On the same occasion the ringing of the Curfew bell, which had been continued till 1890, was given up, and a clock with four faces put up instead, which strikes the hours, but is not at all the same thing. Thus one more interesting and historic custom has disappeared, which is much to be regretted in this utilitarian and unimaginative age.
THE D’ARCY FAMILY
Domesday Book tells us that Nocton was divided in unequal shares between two landlords, Ulf and Osulf; on the land of the former there was already a church with a priest in 1086. These owners had given place to one Norman de Ardreci, written later de Aresci, and finally D’Arcy, a companion of the Conqueror. Norman D’Arcy’s son granted the churches of Nocton and Dunston to the Benedictines of St. Mary’s Abbey, York, also some land to the Carthusians of Kirkstead Abbey, and himself founded a priory at Nocton for canons of the Orders of St. Augustine, who first settled in England in 1108. The buildings are quite gone, but the site is still called the Abbey Field, and the vicarage is called the Priory; the Priory well, whose water was said to be “remarkably good,” in 1727, was only filled up about fifty years ago. Why couldn’t they have let it alone, one wonders. To follow up the history of Nocton: in 1541 Henry VIII. and Katharine Howard slept there.
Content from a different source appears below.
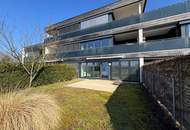 Gartenwohnung mit Tiefgaragenstellplatz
The D’Arcy family and their descendants in the female line, whose married names were Lymbury, Pedwardine, Wymbishe and Towneley, held the property for three and twenty generations till the middle of the seventeenth century—a good innings of 600 years. But the losses which the Civil War brought about made it necessary for Robert Towneley, at the Restoration in 1660, to sell the estate to Lord Stanhope, from whom it soon passed by sale to Sir William Ellys, about 1676, and in 1726—by the marriage of Sir Richard Ellys’ widow—to Sir Francis Dashwood; after whom, in 1767, it descended to a cousin, George Hobart, eventually third Earl of Buckinghamshire. He altered Nocton considerably, pulled down the church, which was too near the house, and set up a poor structure further off, where the present church stands. He also spent much in draining Nocton fen, and erected a windmill pump which raised the water and sent it into the Witham, and worked well for forty years till it was superseded in Frederick Robinson’s time (1834) by a forty-horse-power steam engine which was found to pump the water faster than the fens could supply it. The earl died in 1804; ten years later his daughter, Lady Sarah Albinia, carried the estate to Frederick John Robinson, second son of Lord Grantham, who became Prime Minister and was created Viscount Goodrich in 1827, and Earl of Ripon in 1833; and, as a member of Sir Robert Peel’s cabinet, moved in the House of Lords the second reading of the Bill for the repeal of the Corn Laws in 1846. In 1834 the house at Nocton was burnt down, and the earl’s young son, afterwards Marquis of Ripon, laid the foundation stone of the present house in 1841. The earl died in 1859, and his widow, who survived him eight years, built in his memory the present fine church, which was designed by Sir Gilbert Scott. In 1889 Lord Ripon sold the estate to Mr. G. Hodgson of Bradford.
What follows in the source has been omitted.